Реакция последовала незамедлительно: гнев, вызванный покушением на Дучке, сразу перерос в яростное негодование по отношению к Шпрингеру. Это было вызвано проводимой им кампанией против левых, длившейся годами, а также долго вызревавшей неприязнью к рассуждениям о том, что Европой могут управлять могущественные газетные магнаты. Он был предшественником Мёрдока и Берлускони, обладателем империи, которая кажется теперь старомодной из-за той скромной роли, которую играли средства вещания. Однако вопрос остается: как этот человек, которого англичане выкопали из-под обломков Германии для управления радиовещанием, смог оказывать столь мощное воздействие на общественное мнение Европы?

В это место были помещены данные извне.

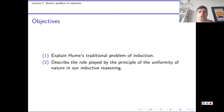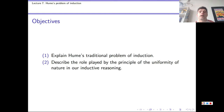There are only two objectives for this video, but importantly the first is perhaps a little more difficult to achieve than those we've seen so far. That should be an indication that the material we're about to see is a little bit more complex. So in particular, after this video, we want to explain why Hume's traditional problem of induction is indeed a problem.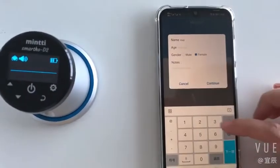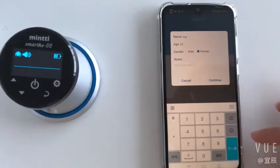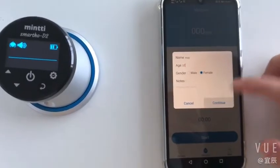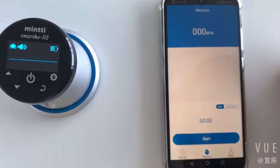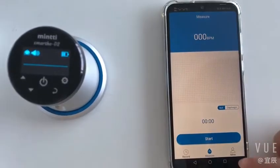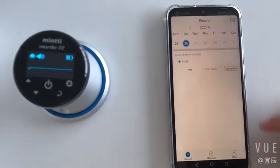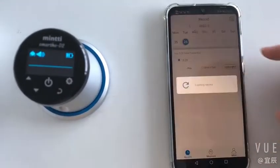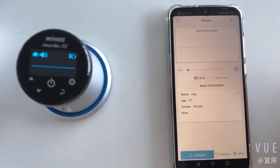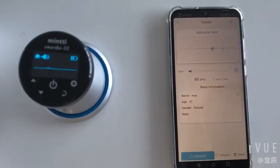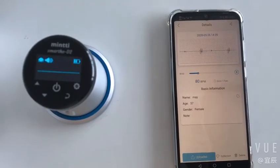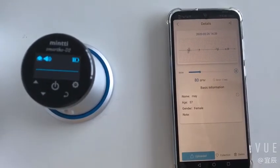After clicking the measurement button, you can start the measurement. During the measurement, you can hear the sound collected by the device and check the detection time. The waveform and heart rates will be displayed on the software in real time.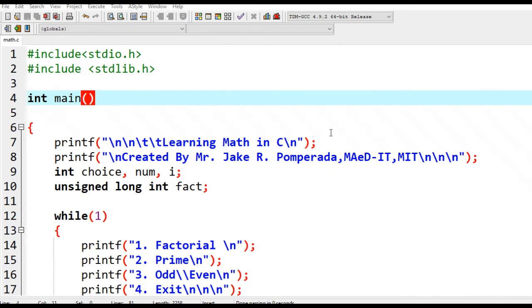Hello everyone, this is your friend Jake. In this tutorial video, I will teach you how to create a menu driven program that will help us learn math using C programming language.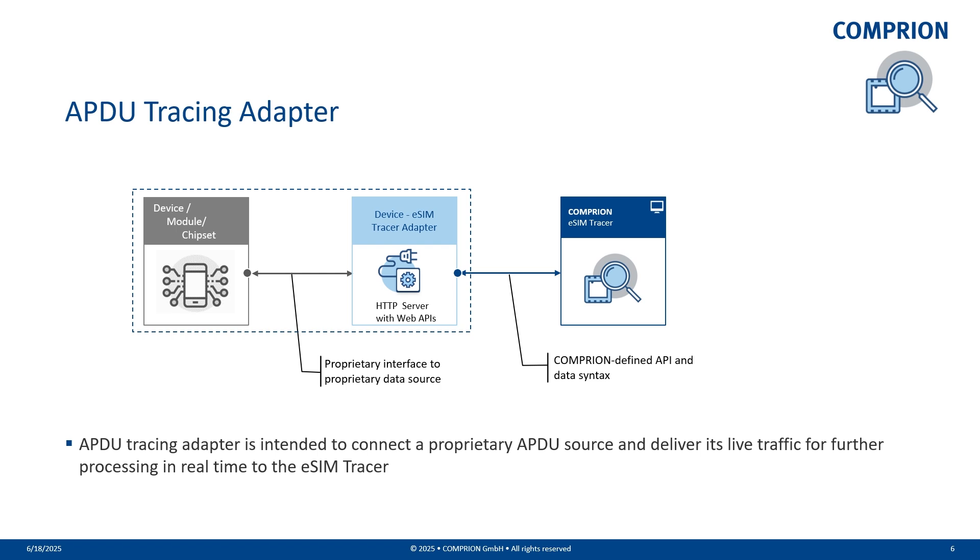Since chipset providers define proprietary interfaces and proprietary data formats, the device eSIM Tracer adapter is chipset-specific. In this demo I will show you the eSIM Tracer adapter which is developed for Qualcomm chipsets.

Всего через несколько часов после покушения на Дучке разъяренные молодые люди собрались перед девятнадцатиэтажным офисным зданием из стекла и стали в Кройцбурге, богемном районе Берлине. Шпрингер выстроил здание именно здесь нарочно — оно стояло прямо напротив Берлинской стены. Он водрузил щит с неоновой надписью «Berlin bleibt frei» («Берлин остается свободным»). Полиция использовала водометы, чтобы рассеять толпы студентов, бросавших в ответ камни и горящие факелы. На следующий день колонны студентов, взявшихся за руки, шли по направлению к западноберлинскому офису Шпрингера. К тому моменту как они достигли здания, оно уже было защищено колючей проволокой и окружено полицией, направленной для усмирения бунтовщиков. Толпа скандировала имя Дучке и кричала: «Шпрингер — убийца!» и «Шпрингер — нацист!». Полиция направила на молодежь водометы и принялась арестовывать демонстрантов. Возле здания городского совета демонстранты скандировали: «Фашисты!» и «Нацисты!». Студенты также двинулись маршем на американскую радиостанцию и разбили окна в здании. В Мюнхене демонстрантам удалось проникнуть в здание офиса Шпрингера и удерживать его, пока их не выгнала полиция. Когда попытки захватить здания окончились неудачей, студенты стали поджигать грузовики службы доставки. Тысячи студентов также участвовали в столкновениях с полицией в Гамбурге, Эслингене, Ганновере и Эссене. По большей части студенты оказывались беззащитными перед полицейскими брандспойтами, и мощные струи воды в тот день одержали победу. Однако демонстранты остановили или замедлили распространение газет Шпрингера. Во Франкфурте они остановили распространение ведущей газеты западногерманского бизнеса «Франкфуртер альгемайне», поскольку она издавалась в типографии Шпрингера. Демонстранты также появлялись возле офисов Шпрингера в Нью-Йорке, Лондоне и Париже. В Лондоне Тарик Али возглавил группу, которая после окончания митинга памяти Мартина Лютера Кинга на Трафальгарской площади попыталась захватить офисы Шпрингера. Что касается Парижа, то Ален Кривин вспоминал: «После покушения на Руди в Париже состоялась первая спонтанная демонстрация с применением насилия. У полицейских даже не было снаряжения для подавления беспорядков — ни шлемов, ни щитов, — когда студенты в Латинском квартале внезапно начали бросать в них столы и стулья».